Scientific Games•Alpharetta, GA

About The Position

Scientific Games: Scientific Games is the global leader in lottery games, sports betting and technology, and the partner of choice for government lotteries. From cutting-edge backend systems to exciting entertainment experiences and trailblazing retail and digital solutions, we elevate play every day. We push game designs to the next level and are pioneers in data analytics and iLottery. Built on a foundation of trusted partnerships, Scientific Games combines relentless innovation, legendary performance, and unwavering security to responsibly propel the global lottery industry ever forward. Position Summary We are looking for a skilled Site Reliability Engineer (SRE) to enhance the stability, performance, and reliability of our production systems.

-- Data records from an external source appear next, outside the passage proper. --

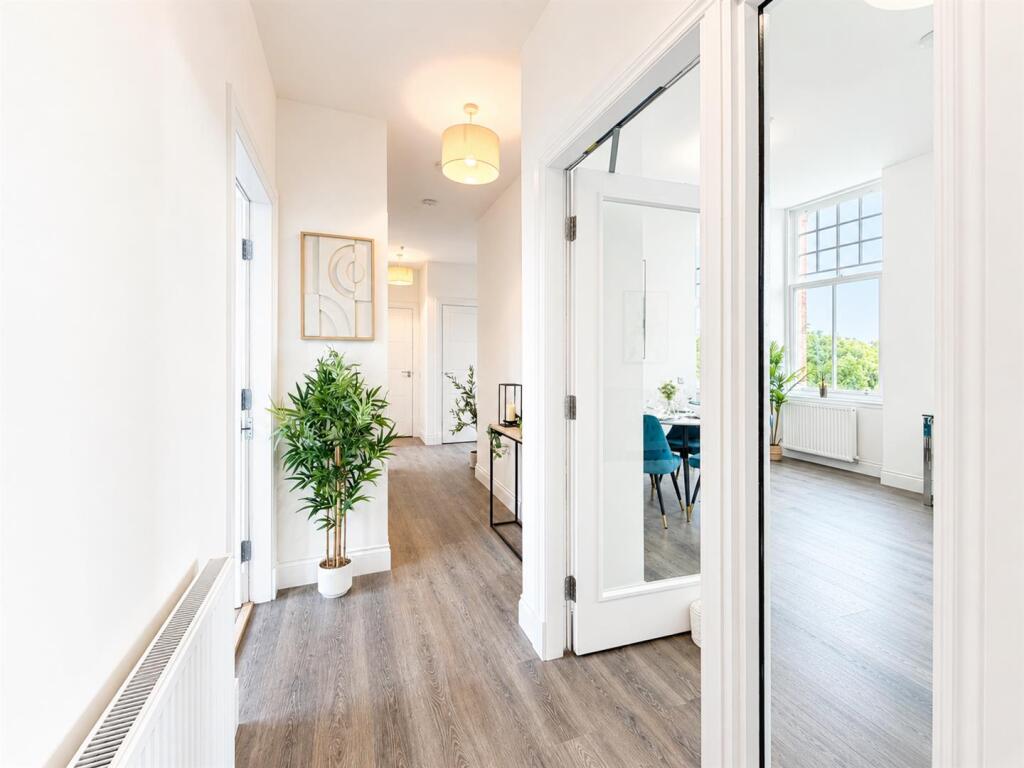 Apartment in Glasgow - View 4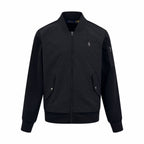 2026 New GS Logo Baseball Collar Cotton Jacket (25369-B70)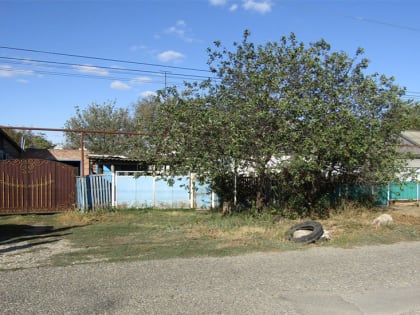 В КАЛМЫКИИ МУЖЧИНА ДО СМЕРТИ ИЗБИЛ ЗНАКОМОГО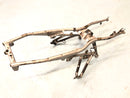 BMW R 1100 R Type 259 [1999] - rear frame-2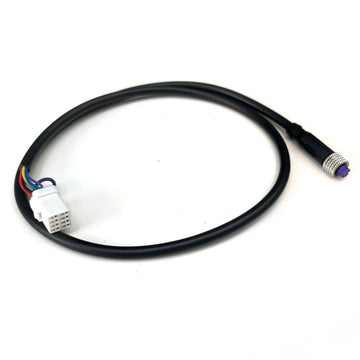 Stromer - Cable Connecting Motor to Controller ST3, ST5 -Amego Electric Vehicles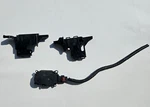 2013-21 Jeep Chrysler Ram Active Shutter Front Grille Sensor Motor Oem 6477R1000. Fixed Price $89.99.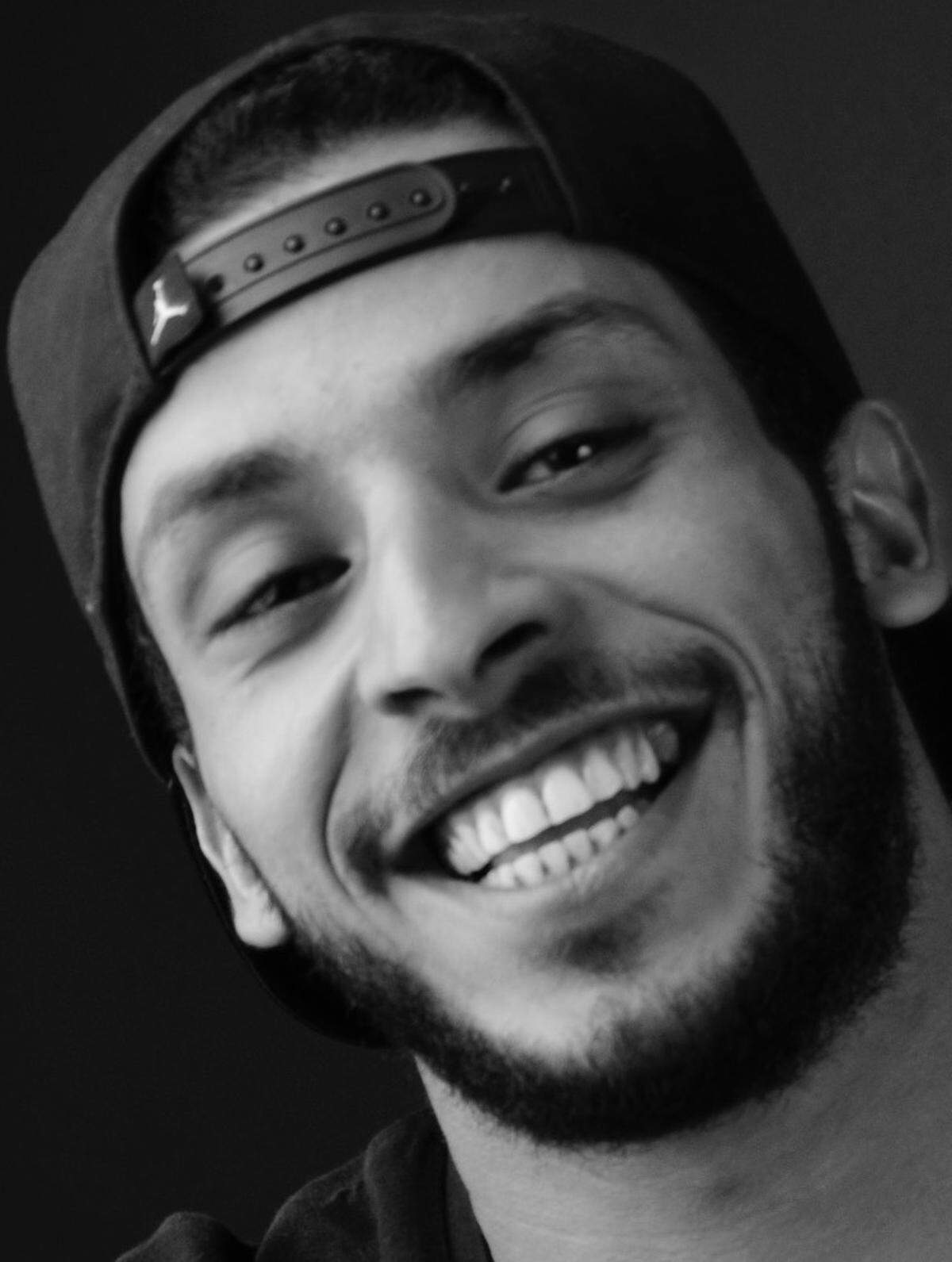 Feras Almadhi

The SRE will work closely with development, DevOps, and security teams, ensuring production readiness, managing on-call responsibilities, and improving observability across applications and infrastructure.

Requirements

Bachelor’s degree in computer science or related field, or equivalent work experience.
Experience: 6+ years as an SRE, DevOps Engineer, or similar role
Cloud: Strong experience with AWS (EKS, EC2, S3, Route53, IAM)
Kubernetes: 6+ years managing production Kubernetes workloads
Monitoring & Observability: Hands-on with New Relic, Graylog, or similar
Secrets Management: Experience with HashiCorp Vault or equivalent
Automation & CI/CD: Proficiency with GitHub Actions, GitLab CI/CD, Helm and ArgoCD
IaC : Hands-on experience with Terraform
Scripting: Proficiency in Python, Bash, or equivalent scripting languages
Incident Management: Strong debugging, troubleshooting, and root cause analysis skills
On-Call Readiness: Willingness to participate in 24x7 on-call rotation

Nice To Haves

AWS certification
Familiarity with .NET application stack
Multi-cloud exposure
Experience managing Kubernetes clusters with Rancher in on-prem environments
Familiarity with Packer for building Golden AMIs

Responsibilities

Maintain and enhance observability using New Relic, Graylog, OR other monitoring tools.
Establish actionable alerting and dashboards for service health and performance metrics.
Implement and maintain reliable systems, focusing on capacity planning, performance optimization, and fault tolerance to ensure high availability and scalability.
Collaborate with teams to define and implement Service Level Indicators (SLIs), Service Level Objectives (SLOs), and Service Level Agreements (SLAs), and monitor their performance.
Automate operational processes, reducing manual interventions.
Manage Kubernetes workloads on AWS EKS, ensuring secure and stable deployments.
Work with HashiCorp Vault for secrets management and security compliance.
Participate in on-call rotation to handle production incidents and ensure rapid resolution.
Troubleshoot production issues, identify root causes, and implement permanent fixes.
Lead post-incident reviews, create action items, and follow through on remediation.
Work closely with DevOps to improve CI/CD pipelines for production readiness.
Partner with development teams to embed resilience and observability into applications.
Document operational runbooks, escalation procedures, and production playbooks.